(Record excerpts):
──────────

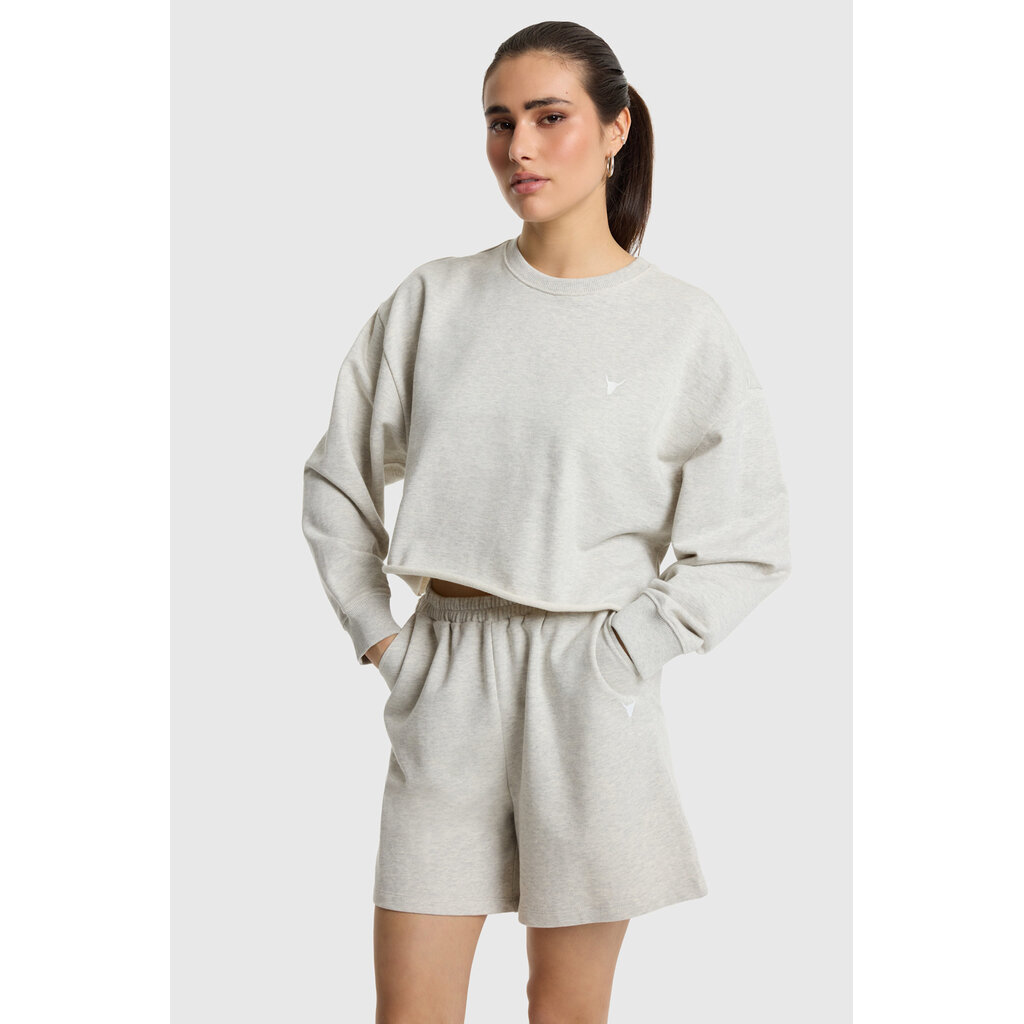 ALIX back print sweater (2606894795) light grey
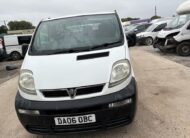 2006 Vauxhall Vivaro – Model: Vivaro Lowfloor CDTi 100 – DA06OBC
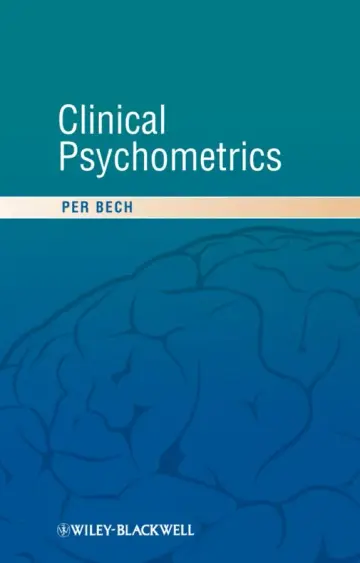 Cover of Clinical Psychometrics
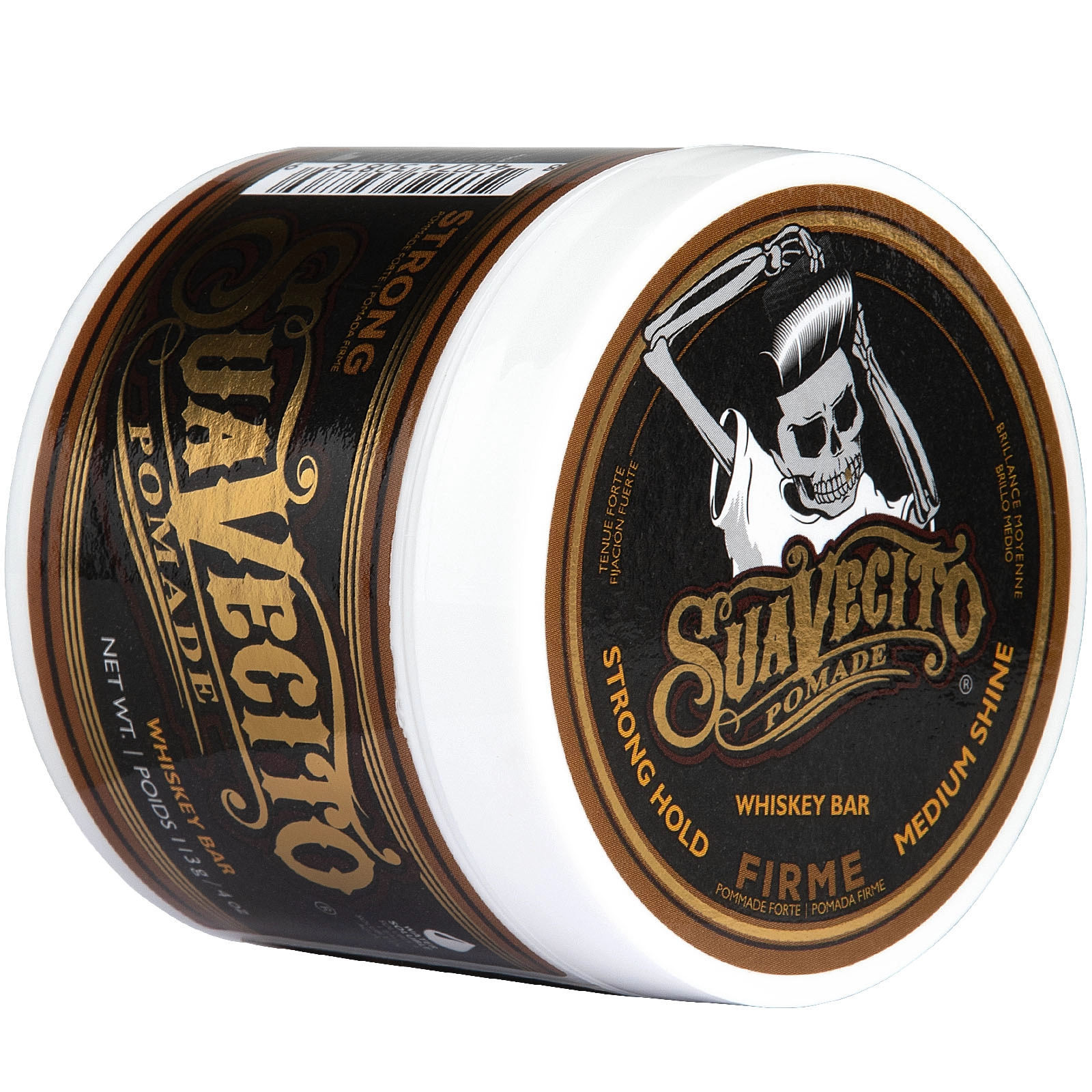 Suavecito Whiskey Bar Firme Hold pomáda na vlasy 113 g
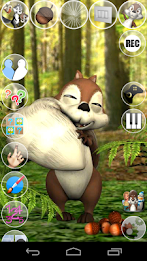 Talking James Squirrel AdFree poster 12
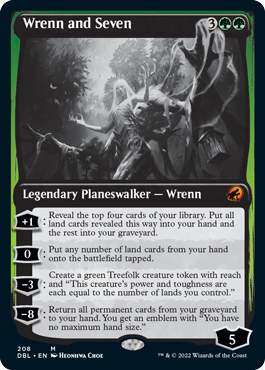 Wrenn and Seven [Innistrad: Double Feature] | Good Games North
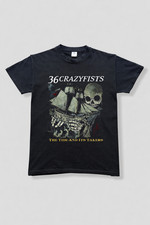 Rare 36 Crazyfists Band Collection Gift T-Shirt, Sizes S to 5XL picture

──────────

(Task brief):
Your reply should hold exactly the lines from the line containing "2006 Vauxhall Vivaro" through the final line of the listing, and none of the pictures.

(Result of this exercise):
 2006 Vauxhall Vivaro – Model: Vivaro Lowfloor CDTi 100 – DA06OBC
 Cover of Clinical Psychometrics
 Suavecito Whiskey Bar Firme Hold pomáda na vlasy 113 g
 Talking James Squirrel AdFree poster 12
 Wrenn and Seven [Innistrad: Double Feature] | Good Games North
 Rare 36 Crazyfists Band Collection Gift T-Shirt, Sizes S to 5XL picture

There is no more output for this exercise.